Now comes a third narrative, director Herzog’s private journals, first published in Germany in 2004 and finally arriving stateside. Conquest of the Useless (from a line of dialogue in the film) adds significant details to the bigger picture, but also stands alone as a compellingly gonzo piece of reportage. Shrewdly omitting the better-known misadventures, Herzog focuses on his own determination and loneliness. And why not? It’s a diary. We start in the cush surroundings of Francis Coppola’s San Francisco mansion, circa the release of Apocalypse Now. Herzog toils on his script in the guest room while Sofia plays in the pool. A month later, he’s in Iquitos, Peru, observing animals as they eat each other.

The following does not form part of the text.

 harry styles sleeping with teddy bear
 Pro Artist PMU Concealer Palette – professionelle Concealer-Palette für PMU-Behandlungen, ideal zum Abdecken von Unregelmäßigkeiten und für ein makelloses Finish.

As a read, Conquest flies along—but not because it’s especially plotty. Rather, it gathers its kick from the spectacle of a celebrity director escaping the late-’70s famescape into his own obsessions. Meetings with Mick Jagger are far less wild than Herzog’s mordant curiosity at the steamy rain forest and his vivid descent into what he calls the “great abyss of night.” When a local Peruvian fears the camera’s theft of his soul, Herzog tells him there’s no need to worry, but privately admits he’s lying.” — Joshua Rothkopf
“I am fascinated by Werner Herzog’s philosophical approach to life, and what he refers to as ecstatic truth. His early filmmaking roughly corresponds to the New German Cinema, a movement which sought to activate new ways to represent and discuss culture and reality. Ecstatic truth, as an idea, remains true to this bold and progressive ambition, hoping to capture a sense of reality that goes beyond straightforward empirical facts, or the contemporary conventions of European cinema.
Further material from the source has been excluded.